In some data science and financial institutions, Anaconda is another distribution of Python and has it's own anaconda package manager.

What about ensuring that I only get the modules that are required by my script, how do I create an environment that ignores the operating system Python libraries/modules?

  • How do I set up a virtual environment?
    python -m venv NameOfYourEnvironment
  • To use the environment on Windows:
  • To use on Linux
    . NameOfYourEnvironment/bin/activate
    # or
    source NameOfYourEnvironment/bin/activate

Data Engineering

4 parts of Hadoop Ecosystem - Tools that can make use of Hadoop

  • PIG
  • Apache Spark
  • Sqoop
  • Hive
  • Flume

Components of Hadoop

  • MapReduce
    • Optimize and compress data
    • Data Engineering role tool
  • Yarn
    • Processing model of the Hadoop system
    • Yet another resource negotiator
  • HDFS
    • The distributed file system hadoop uses to store the data

Hadoop partitions data - another name for partitioning = Sharding.

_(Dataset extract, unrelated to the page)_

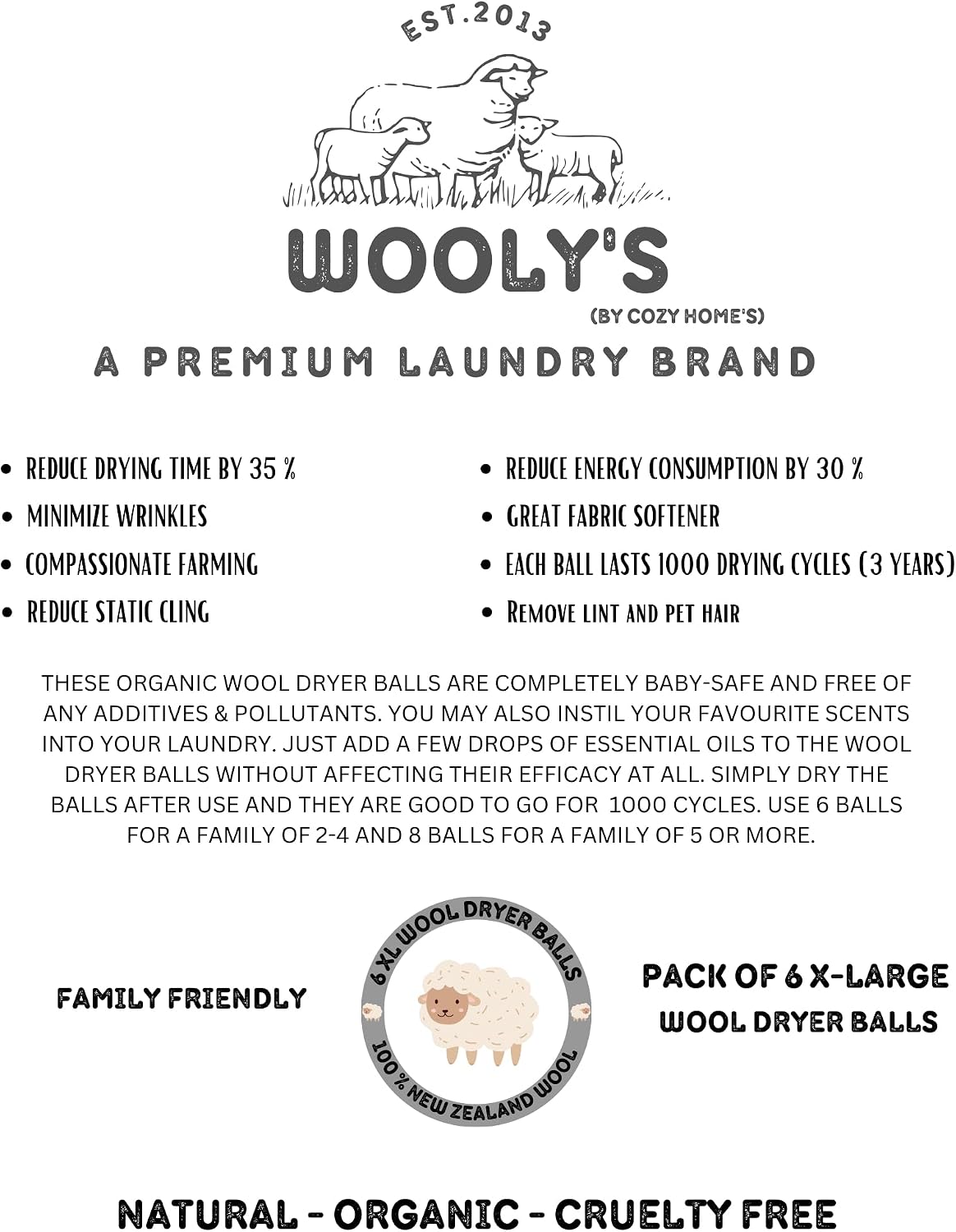 6-Pack Organic XL Wool Dryer Balls, Natural Fabric Softener, 1000 Drying Cycles, Replaces Dryer Sheets, Eliminates Wrinkles & Pet Hair & Static Cling, 45% Less Drying Time, 45% Less Energy, Baby-Safe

What are the 3 Vs of Big Data?

  • Velocity
    • Speed of change/delivery of data
  • Volume
    • Capacity of the data being stored
  • Variety
    • Different types of storage - RDBMS (table/row), Columnar store, Document stores, ....

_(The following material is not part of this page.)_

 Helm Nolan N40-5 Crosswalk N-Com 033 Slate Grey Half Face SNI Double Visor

CAP allows us to identify what type of Database will suit the data's need;

  • C = Consistency
  • A = Availability
  • P = Partition (performance)

What is a Data Engineer

  • Look for data sources of relevance
    • Your client needs extra data beyond what you have in your organization
    • Data to compliment your own data - e.g. geographic financial data to determine likelihood of monthly payments
  • ETL
    • Extract Transform and Load pipelines
    • Taking the data from differing data sources - performing some wrangling/munging, code transformation, filtering - loading into customer ready data sources (e.g. from JSON to Parquet)
    • Transformation may include normalizing and repairing data;
      • Find missing values
      • Remove duplicates
      • Eliminate outliers
  • Providing data products
    • example is CDDB
      • Crawl internet and other sources for artist information and tracks, etc
      • Provide a database and interface
      • Provide API for application developers to use the data source
      • Provide billing model
  • You will need to code
    • Python or JavaScript are most common
    • You might end up coding in something completely different
      • Logstash = it has it's own transformation language (it is an ETL) DSL = Domain Specific Language

Data workflow systems normally make use of the Directed Acyclic Graph or DAG for short.

RDBMS are row based data, Parquet is a Columnar style database.